The OmniaBio facility’s second floor has an additional 26,000 sq. ft. of research and development space, which has yet to be leased. But not for long.

“This project is generating significant interest because of its timing,” says Lacey, who recently co-authored a report showing that only 0.2% of lab space is vacant across the 12.3 million sq. ft. of inventory in the Greater Toronto and Hamilton Area, with demand for more than 3.5 million sq. ft. of space as of the first half of 2022.

This demand exceeds currently available space by a factor of 141. Over half of that demand (1.9 million sq. ft.) is for research and development space, with the remaining requirements (1.7 million sq. ft.) seeking a facility for manufacturing.

“All the research and development companies we speak to need space now, in order to deploy their venture capital funding and advance their research,” Lacey says. “So it’s essential that we deliver this building as fast possible.”

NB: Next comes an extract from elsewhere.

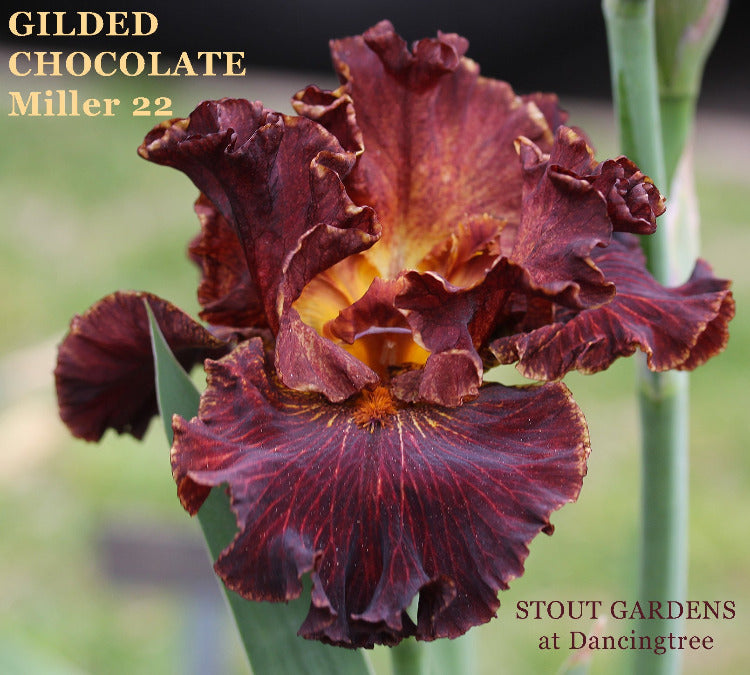Iris Gilded Chocolate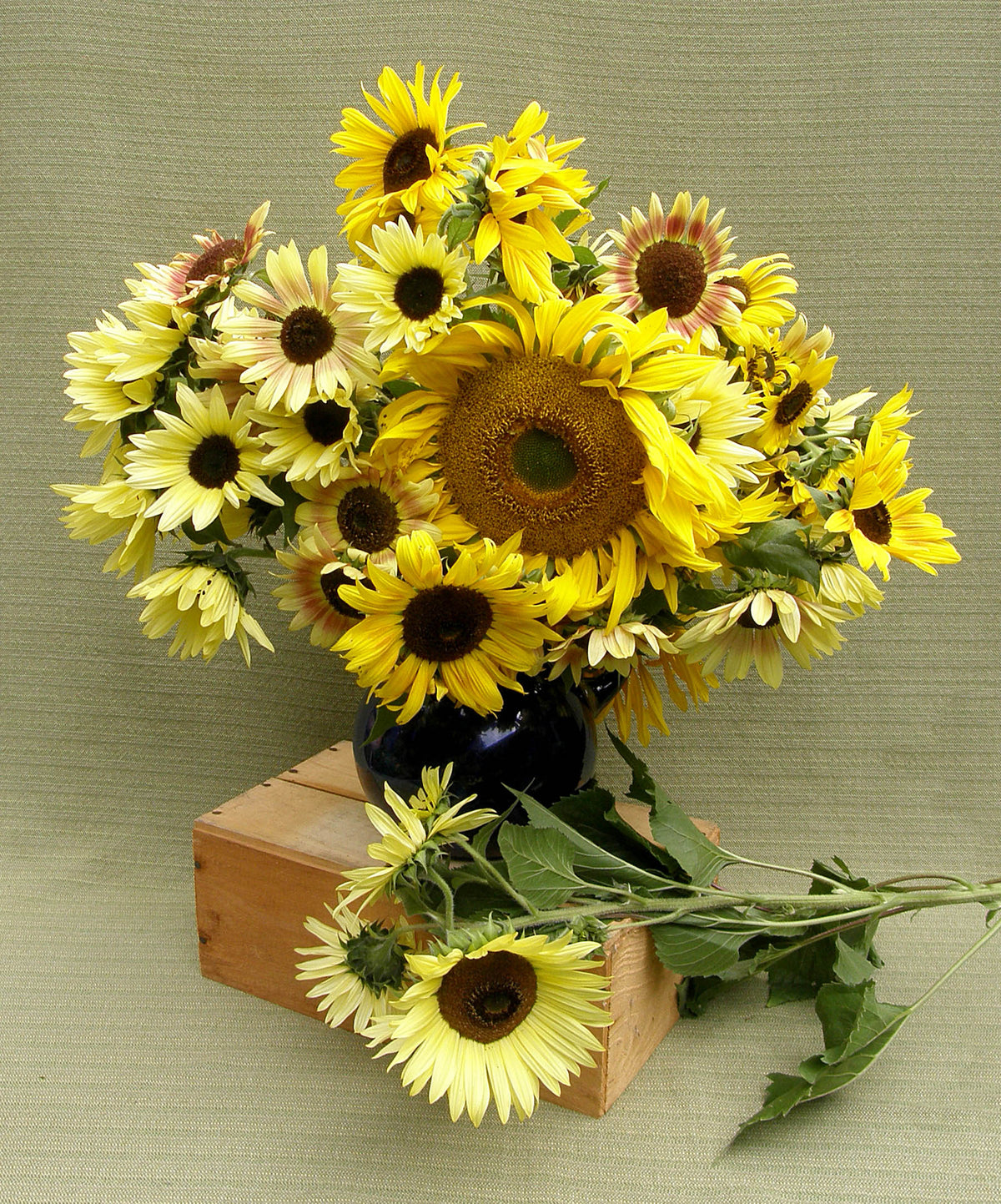 Scatter Gardens - Heirloom Summer Garden Dancing, Joyous Sunflowers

This project will be a catalyst for the growth of the GTHA life sciences sector. - Daniel Lacey

Increased Manufacturing

OmniaBio is being spun out of the Toronto-based Centre for Commercialization of Regenerative Medicine (CCRM), a leader in developing and commercializing regenerative medicine-based technologies and cell and gene therapies.

"OmniaBio Inc. will be a game changer, leveraging more than a decade of development and manufacturing expertise at CCRM,” says the organization’s chair Dr. Michael May. “We look forward to providing supportive services and infrastructure to domestic, US-based and international clients in need of our expertise.”

OmniaBio will build on CCRM's existing global client base, with the Hamilton project aiming to create a six-fold increase in the region’s cell and gene therapy biomanufacturing capacity.

“OmniaBio is focused on the unique needs of cell and gene therapy companies across our key platforms in IPSC line creation and editing, immunotherapy and lentiviral vector,” said Mitchel Sivilotti OmniaBio’s President and CEO. “We have been thoughtful about how we provide a rapid and dependable logistics experience throughout North America, a critical need met by our locations in Hamilton and Toronto.”

Ontario's life sciences sector is the largest in Canada, and comprises about 1,900 firms employing around 66,000 people.  Sivilotti notes that this population of highly trained professionals will be leveraged in the skills development of the next generation of Canada’s life science experts.

“While cell and gene therapy manufacturing capacity is currently underserved,” he says, “the foundation for Canada to have a profound impact in biomanufacturing is clearly in place and gearing up for growth.”